··· Input for this task

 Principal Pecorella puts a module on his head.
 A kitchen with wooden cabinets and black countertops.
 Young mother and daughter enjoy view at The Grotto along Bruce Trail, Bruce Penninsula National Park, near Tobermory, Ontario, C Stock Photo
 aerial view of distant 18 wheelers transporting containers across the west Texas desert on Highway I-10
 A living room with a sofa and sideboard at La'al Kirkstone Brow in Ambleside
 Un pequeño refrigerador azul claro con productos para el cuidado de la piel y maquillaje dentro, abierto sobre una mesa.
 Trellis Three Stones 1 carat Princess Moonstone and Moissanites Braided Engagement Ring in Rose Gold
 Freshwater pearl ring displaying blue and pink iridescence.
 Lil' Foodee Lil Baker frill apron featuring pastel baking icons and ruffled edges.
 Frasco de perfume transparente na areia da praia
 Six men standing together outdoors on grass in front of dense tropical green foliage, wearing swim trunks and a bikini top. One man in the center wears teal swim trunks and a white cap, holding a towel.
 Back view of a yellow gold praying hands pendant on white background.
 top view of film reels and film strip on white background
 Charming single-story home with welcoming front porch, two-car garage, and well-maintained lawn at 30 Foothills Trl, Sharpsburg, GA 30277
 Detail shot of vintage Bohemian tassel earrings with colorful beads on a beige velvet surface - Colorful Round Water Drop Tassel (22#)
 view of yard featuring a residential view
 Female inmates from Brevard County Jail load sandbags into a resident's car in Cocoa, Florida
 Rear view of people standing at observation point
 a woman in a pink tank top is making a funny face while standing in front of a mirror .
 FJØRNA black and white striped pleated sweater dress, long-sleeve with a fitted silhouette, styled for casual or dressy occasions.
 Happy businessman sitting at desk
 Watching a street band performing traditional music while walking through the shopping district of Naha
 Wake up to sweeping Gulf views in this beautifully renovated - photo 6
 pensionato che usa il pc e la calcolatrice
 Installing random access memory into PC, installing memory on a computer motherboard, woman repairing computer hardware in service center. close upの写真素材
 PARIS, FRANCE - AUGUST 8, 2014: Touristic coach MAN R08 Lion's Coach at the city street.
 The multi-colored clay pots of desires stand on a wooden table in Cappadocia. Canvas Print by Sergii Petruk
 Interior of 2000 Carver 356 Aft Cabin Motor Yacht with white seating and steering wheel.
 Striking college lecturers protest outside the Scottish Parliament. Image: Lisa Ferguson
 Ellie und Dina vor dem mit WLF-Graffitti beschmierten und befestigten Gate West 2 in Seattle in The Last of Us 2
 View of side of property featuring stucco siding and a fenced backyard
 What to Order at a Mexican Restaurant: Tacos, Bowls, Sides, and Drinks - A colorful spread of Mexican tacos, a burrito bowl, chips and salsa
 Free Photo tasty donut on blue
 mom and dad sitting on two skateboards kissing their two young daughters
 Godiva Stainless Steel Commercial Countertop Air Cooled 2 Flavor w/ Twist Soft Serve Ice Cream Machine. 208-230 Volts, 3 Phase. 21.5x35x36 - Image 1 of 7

······

> **Required action**
Your task is to print all of the records exactly.

> **Response to this task**
 Principal Pecorella puts a module on his head.
 A kitchen with wooden cabinets and black countertops.
 Young mother and daughter enjoy view at The Grotto along Bruce Trail, Bruce Penninsula National Park, near Tobermory, Ontario, C Stock Photo
 aerial view of distant 18 wheelers transporting containers across the west Texas desert on Highway I-10
 A living room with a sofa and sideboard at La'al Kirkstone Brow in Ambleside
 Un pequeño refrigerador azul claro con productos para el cuidado de la piel y maquillaje dentro, abierto sobre una mesa.
 Trellis Three Stones 1 carat Princess Moonstone and Moissanites Braided Engagement Ring in Rose Gold
 Freshwater pearl ring displaying blue and pink iridescence.
 Lil' Foodee Lil Baker frill apron featuring pastel baking icons and ruffled edges.
 Frasco de perfume transparente na areia da praia
 Six men standing together outdoors on grass in front of dense tropical green foliage, wearing swim trunks and a bikini top. One man in the center wears teal swim trunks and a white cap, holding a towel.
 Back view of a yellow gold praying hands pendant on white background.
 top view of film reels and film strip on white background
 Charming single-story home with welcoming front porch, two-car garage, and well-maintained lawn at 30 Foothills Trl, Sharpsburg, GA 30277
 Detail shot of vintage Bohemian tassel earrings with colorful beads on a beige velvet surface - Colorful Round Water Drop Tassel (22#)
 view of yard featuring a residential view
 Female inmates from Brevard County Jail load sandbags into a resident's car in Cocoa, Florida
 Rear view of people standing at observation point
 a woman in a pink tank top is making a funny face while standing in front of a mirror .
 FJØRNA black and white striped pleated sweater dress, long-sleeve with a fitted silhouette, styled for casual or dressy occasions.
 Happy businessman sitting at desk
 Watching a street band performing traditional music while walking through the shopping district of Naha
 Wake up to sweeping Gulf views in this beautifully renovated - photo 6
 pensionato che usa il pc e la calcolatrice
 Installing random access memory into PC, installing memory on a computer motherboard, woman repairing computer hardware in service center. close upの写真素材
 PARIS, FRANCE - AUGUST 8, 2014: Touristic coach MAN R08 Lion's Coach at the city street.
 The multi-colored clay pots of desires stand on a wooden table in Cappadocia. Canvas Print by Sergii Petruk
 Interior of 2000 Carver 356 Aft Cabin Motor Yacht with white seating and steering wheel.
 Striking college lecturers protest outside the Scottish Parliament. Image: Lisa Ferguson
 Ellie und Dina vor dem mit WLF-Graffitti beschmierten und befestigten Gate West 2 in Seattle in The Last of Us 2
 View of side of property featuring stucco siding and a fenced backyard
 What to Order at a Mexican Restaurant: Tacos, Bowls, Sides, and Drinks - A colorful spread of Mexican tacos, a burrito bowl, chips and salsa
 Free Photo tasty donut on blue
 mom and dad sitting on two skateboards kissing their two young daughters
 Godiva Stainless Steel Commercial Countertop Air Cooled 2 Flavor w/ Twist Soft Serve Ice Cream Machine. 208-230 Volts, 3 Phase. 21.5x35x36 - Image 1 of 7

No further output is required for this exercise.